→ **PROBLEM REQUIREMENTS**: Everything from the line containing "Thumbnail 3 in" to the last line of the material below must be retyped exactly, both ends included; skip the pictures.

→ **AVAILABLE DATA**:
▼
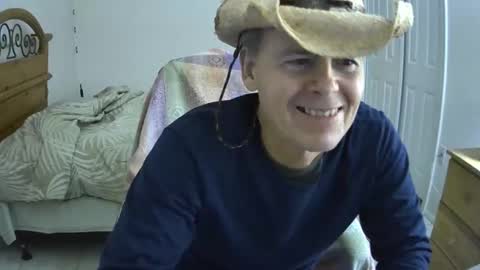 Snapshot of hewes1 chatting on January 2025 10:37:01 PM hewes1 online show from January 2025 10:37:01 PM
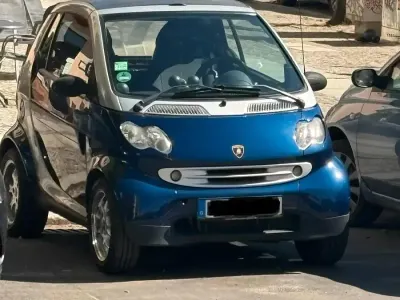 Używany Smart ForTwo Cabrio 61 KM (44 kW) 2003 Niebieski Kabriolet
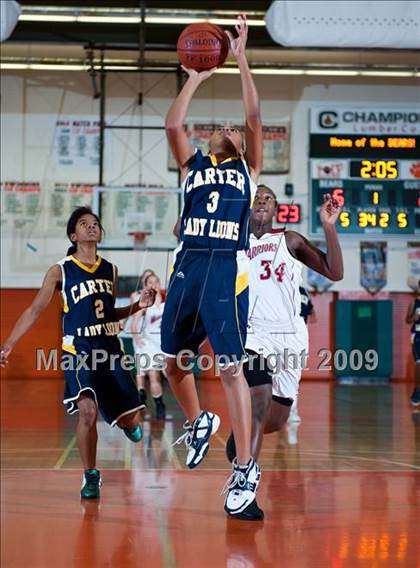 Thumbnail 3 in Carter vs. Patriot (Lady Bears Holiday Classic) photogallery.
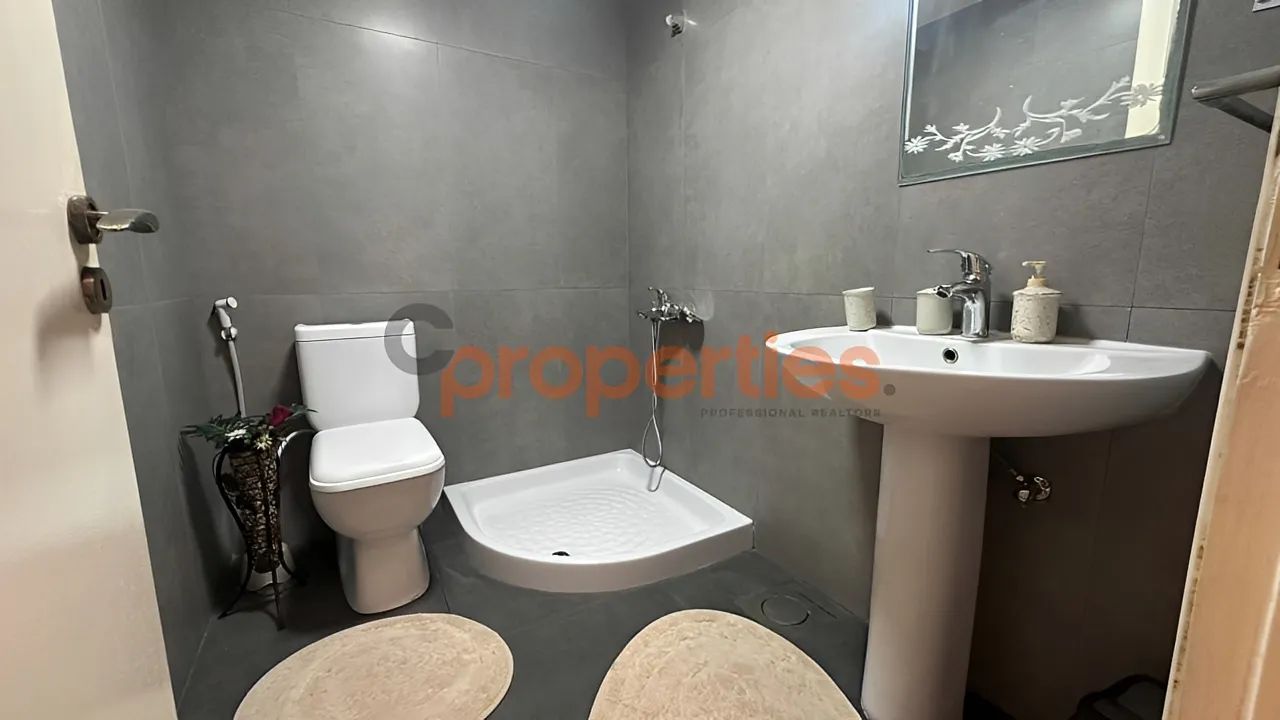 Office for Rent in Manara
▲
→ **WRITTEN SOLUTION**:
 Thumbnail 3 in Carter vs. Patriot (Lady Bears Holiday Classic) photogallery.
 Office for Rent in Manara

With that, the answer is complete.